Finalized design for the bridge after a small test. Generated PDFs were turned into Laser Cutter ready files using Adobe Illustrator. However, the file was too large (area wise) to cut today so cutting was deferred to A11.

19A11

Design was cut into the balsa sheets at a 40 degree angle to give it as much stability as possible. Edges sanded and superglued together. Bridge is now drying and preparing to be tested.

19A12

Bridge test day! Unfortunately our bridge did not work as well as we had hoped. While our truss was very effective in distributing the weight to the edges of the bridge trying to eliminate the support from the bottom cause the bottom to shear and break our bridge

Criterion D

1. Presents detailed data of bridge performance from test.

2. Critically evaluates the success of the bridge against the success criteria based on testing.

3. Explains how the bridge could be improved.

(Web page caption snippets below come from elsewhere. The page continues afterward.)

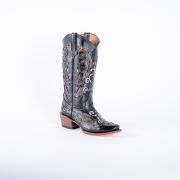 Venice Black Classic Black Cowgirl Boots With Gold Sparkle Inlay Top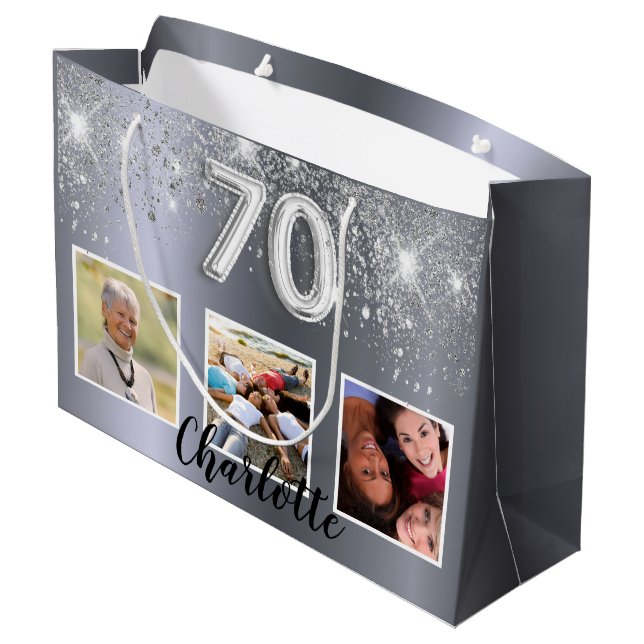70th birthday silver glitter dust photo monogram large gift bag (Back Angled)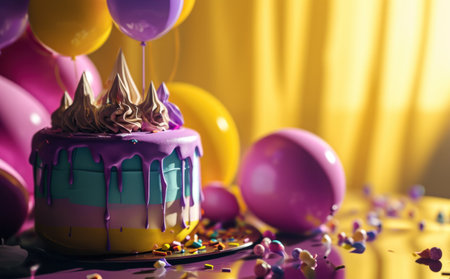 a colorful birthday cake sitting next to balloons.の素材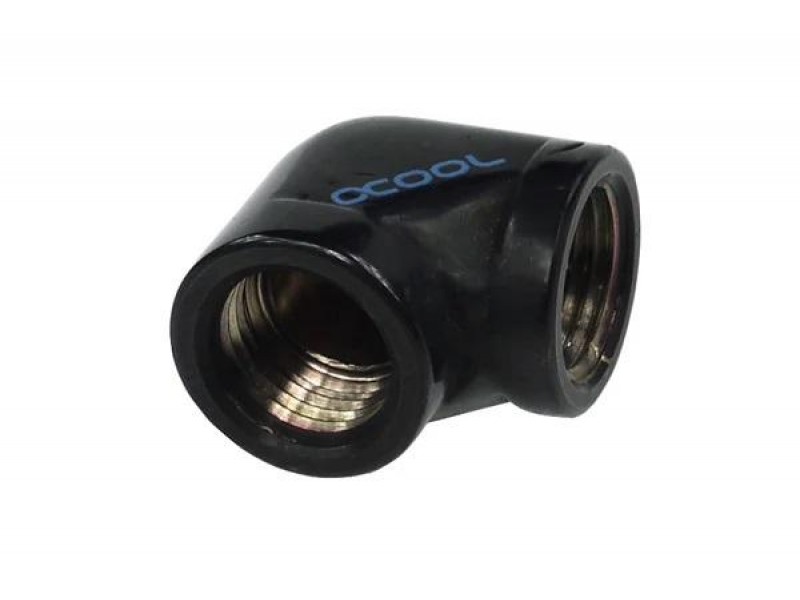 L-конектор Alphacool HF, Вътрешна резба G1/4 - G1/4, 90°, Черен мат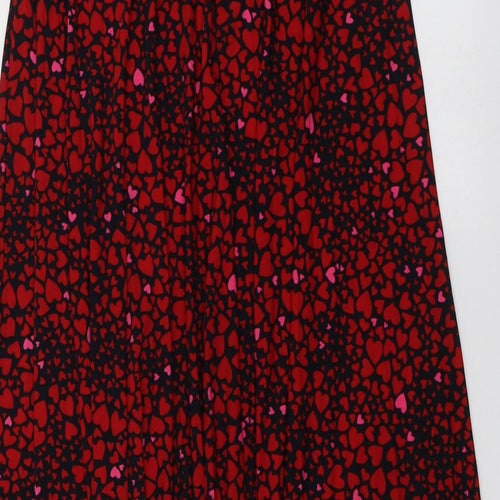 Oasis Womens Red Geometric Polyester Trumpet Skirt Size M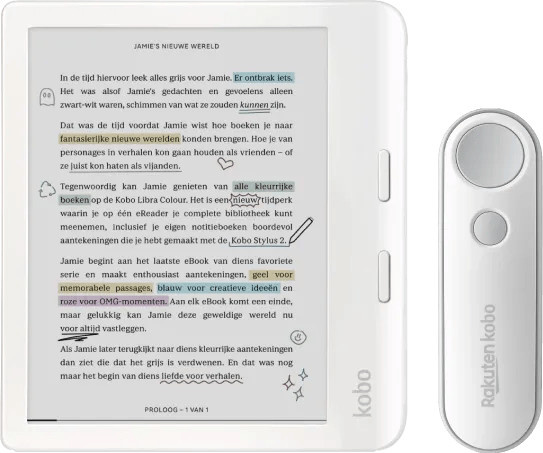 Kobo Libra Colour E-Reader in Weiß mit Remote - Bild 1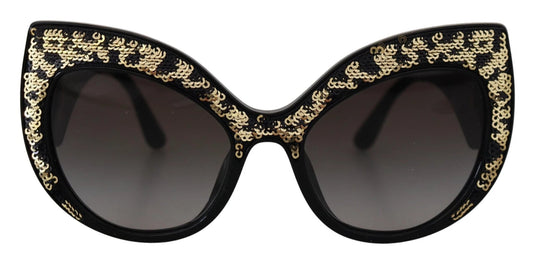Dolce & Gabbana Black Gold Sequin Butterfly Polarized DG4326 Sunglasses by Dolce & Gabbana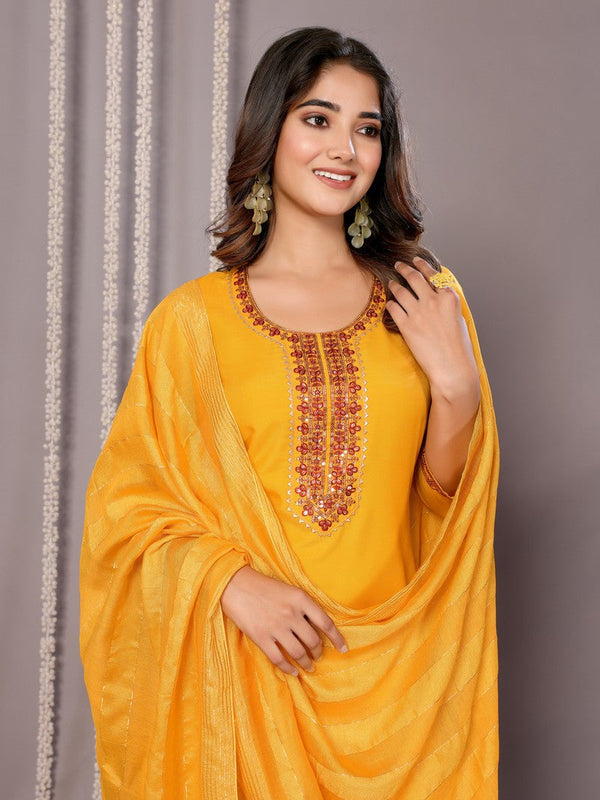 Amazing Mustard Color Cotton Fabric Designer Suit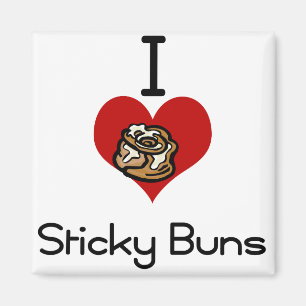 I heart-love sticky buns magnet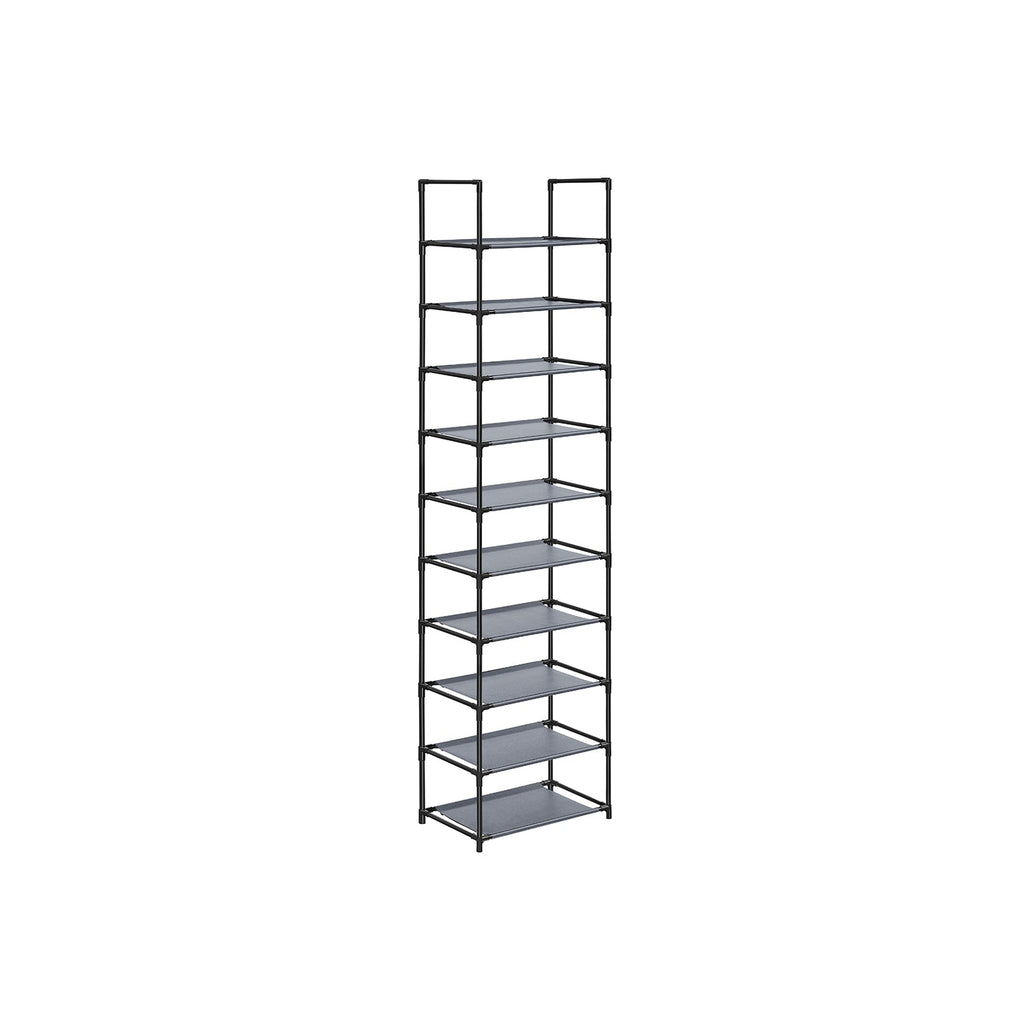 Shoe Rack - Shoe Cabinet - Med 10 nivåer - Metal Frame - Svart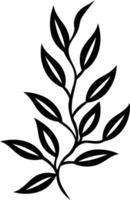 Simple, elegant black and white illustration of a stylized leaf branch, perfect for adding a touch of nature to your design projects vector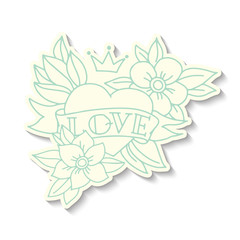 Hand drawn old school tattoo heart sticker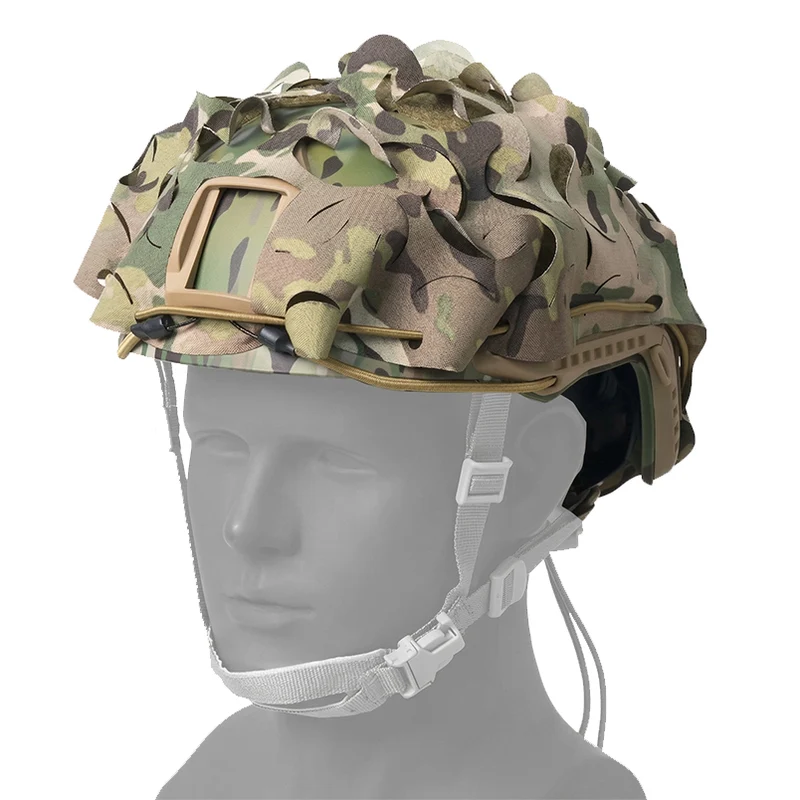 3D Leaf Helmet Cover Multitarn – Laser Cut Helm Tarnnetz für FAST / MICH | Tactical Scrim Cover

While the bridge appeared to flex quite a lot with the force, what eventually killed the bridge was us trying to reduce the weight as much as possible. With our bottom (road) cut out and not just a plank, the truss on the bottom eventually broke and took the bridge with it.

Data

• 0.046 lbs

• 6 lbs of force supported

• 130.4347826 Efficiency

Areas of Bridge Failure

II. Our criteria

1. Cost: The cost is determined based on the cost and amount of material used for constructing the bridge.

2. Weight: The weight is determined based on the properties of the material and the amount, the goal is for the bridge to be as light as possible.

3. Practicality: This criterion is based on how accessible is to build the bridge with a given time frame and its constraints.

4. Stability: Determined by how stable the bridge can stand either when applying a force on it or when static

5. Force Distribution: This criterion is determined by how the tension and compression is distributed among the bridge (mainly focused on the top and bottom of the bridge)

• Cost-wise our bridge was effective as we still had $1500 left and if given a chance to test then improve our bridge we could have further improved upon it.

• Weight: Our bridge weight was one of the lightest in the competition. This however, proved to be our downfall, for as we attempted to cut out too much weight and made the bottom of our bridge too weak to put the true truss to use.

• Practicality: Our bridge was very practical only requiring 1 day to cut and assemble. The true time suck came from the CAD and weighting for the printer.

• Stability: Our bridge, with an exception to the bottom was incredibly stable and when tested in fusion, without taking into account the bottom separating from the seam.

• Force Distribution: while a majority of our force was still focused around the middle; a large portion of it was shifted to other areas of the truss and increased its load bearing strength

III: Improvements

Our bridge could be improved by simply making the road a solid sheet of balsa or maybe two. This would remove the possibility of the bottom of the bridge separating from the rest of it.